Hello again. When running this line from this section:
tokenizer = AutoTokenizer.from_pretrained("huggingface-course/code-search-net-tokenizer")
I get
ValueError: Unrecognized model in huggingface-course/code-search-net-tokenizer. Should have a
model_type key in its config.json, or contain one of the following strings in its name: albert, align, altclip, (...).
In the repo I indeed do not see config.json
file but I do not know if this fact is strange or not. Looks like it was like that from the beginning.

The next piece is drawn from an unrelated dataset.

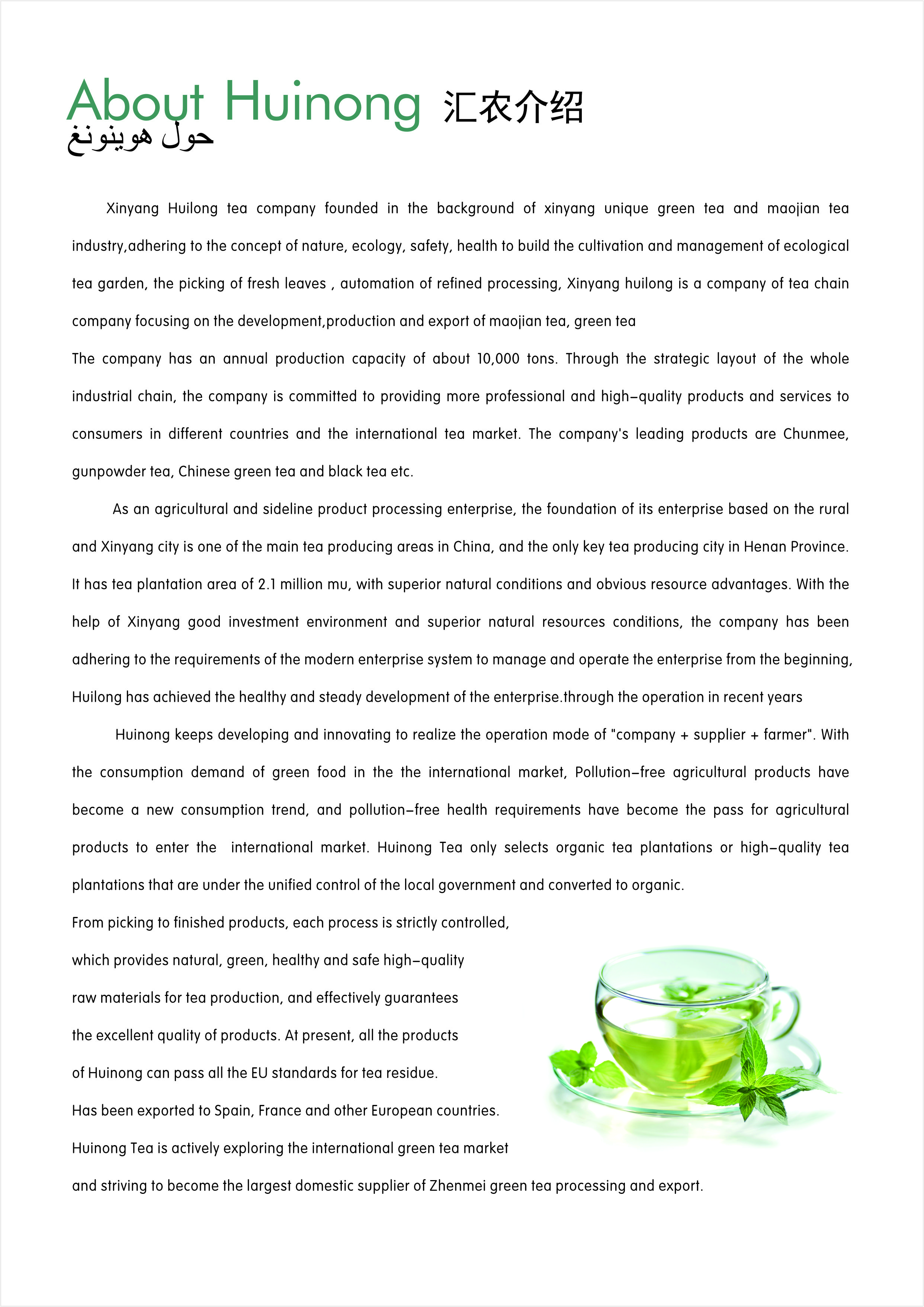 Xinyang Huinong Tea Co., Ltd. – 绿茶 1
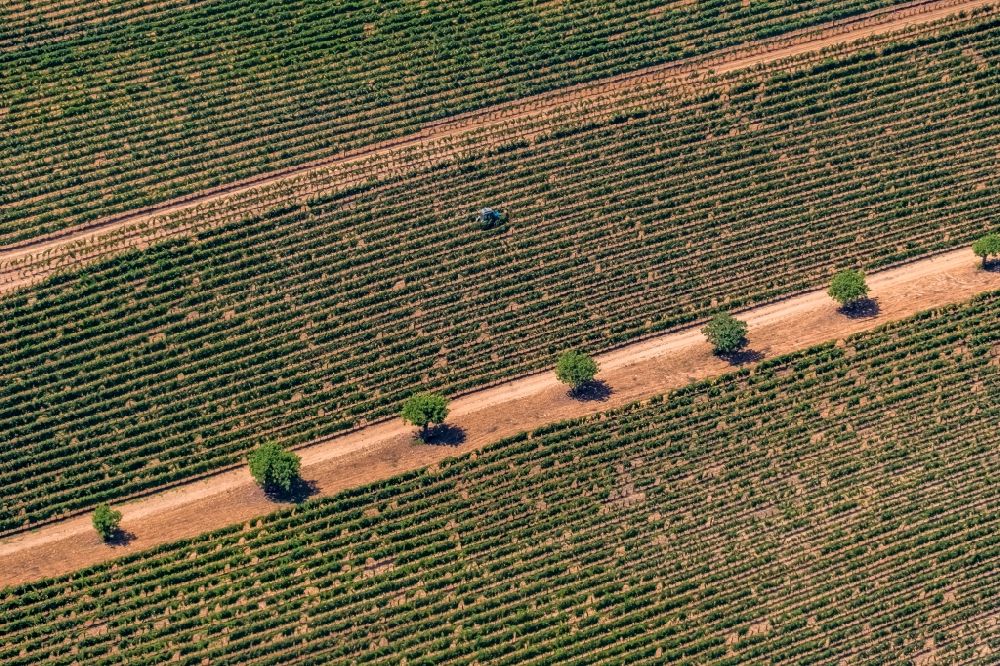 Luftaufnahme Manacor - Transportfahrzeuge auf landwirtschaftlichen Feldern in Manacor in Balearische Insel Mallorca, Spanien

So I don’t know, in some earlier version AutoTokenizer was able to work without the model_type
? I tried googling an information about deprecation changing field name, but didn’t find anything.
Nonetheless I investigated tokenizer_config.json
file and found "tokenizer_class": "GPT2Tokenizer"
there. I then loaded the tokenizer via
from transformers import GPT2Tokenizer
tokenizer = GPT2Tokenizer.from_pretrained("huggingface-course/code-search-net-tokenizer")
and in theory it is working , but instead of key overflow_to_sample_mapping
like in the tutorial it creates a key overflowing_tokens
and furthermore it seems to tokenize differently. If I take e.g. n=10 examples it returns
Input IDs length: 10
Input chunk lengths: [128, 128, 128, 128, 128, 128, 128, 128, 128, 128]
Chunk mapping: [[692, 63, 2077, 173, 173, 612, 536, 612, 233, 2558, 77, (...)
For n=2 in Input chunk lengths there are two elements, for n=3 three elements, etc. It is a different tokenization behavior from that presented in the tutorial.
Then I created my own GPT2 based tokenizer as presented in chapter 6 and used it and then it tokenizes the same as in the course, it even creates a key overflow_to_sample_mapping
.
So my question is why when I load huggingface-course/code-search-net-tokenizer
using GPT2Tokenizer I get a quite different tokenization behavior?